Spirits down. Heavy burdened. Trying desperately to see the blessing in the trial. But it hit swiftly this morning. As my two year old proudly took his glass cup to the sink and threw it into the glass piled dishes in the sink, glass shrapnels fall on the floor, in the sink, on the counter…on little toes. Just like that, in an instant. It represented so much. I have lost. My world of staying strong in this LONG journey of trials collapsed. Tears strolled down my face. I feel the endurance in me fade away. I want to give up. I want to sit my butt on this floor and not do one more thing. So many people have commented, “How do we do it? Your attitude has really been amazing through all this.” Until now…I am a sad case today. Emotions so near to the surface. I am normally one to not worry about tomorrow and usually trust in Him. But today, I am raw. I question, “What are you doing, Lord?” And it wasn’t all because of a broken dish…but it hit deep in my soul.

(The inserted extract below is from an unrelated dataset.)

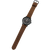 Danish Design Gløbe IQ34Q199 Rhine Armbanduhr Schwarz-Braun • Titangehäuse • Mineralglas, Bild 4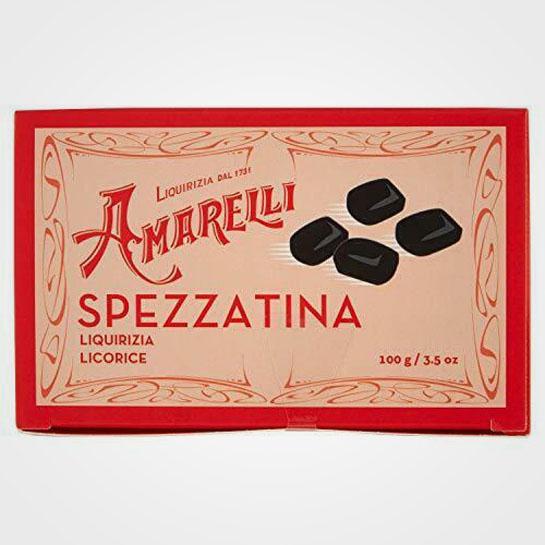 Réglisse pure rouge Sezzatina Amarelli 100 gr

Remarkably, we made it to my sweet Bible Study today with all four kids in tow. I am sure they think I have fallen off my rocker. The oldest taking on much more responsibility than she needed, it breaks my heart. But what do I do, when I, the mother, am having a tantrum? The whole morning, I hold back tears. Was I just containing it for so long? Or am I just NOW at the place of brokenness where only He can lift me up?

It is quiet now. Back at home. Sleep whispering in each boys’ ears right now…and in turn, whispering peace in mine. I opened up an intriguing book I am reading by Derek Prince and read this:

But we are warned that we must “let patience (endurance) have its perfect work” (James 1:4). In other words, we must continue to endure until God’s purpose has been fully worked out and He brings the trial to an end. 

Very seldom does God tell us in advance, “This challenge will last six months.” So it may happen that after five and a half months a person will say, “I can’t take any more of this; I give up!” 

How sad! Another fifteen days of enduring and God’s purpose would have been accomplished. Yet now such a person will have to undergo another challenge, designed to deal with the same character defect. In fact, God will not withdraw His tests and chastening until His purpose has been accomplished. 

With these pungent words stinging my flesh now, I wonder what all this means. What is the meaning of these trials? Have we endured long enough? Or have we failed? I would love your thoughts if you have a moment…thank you.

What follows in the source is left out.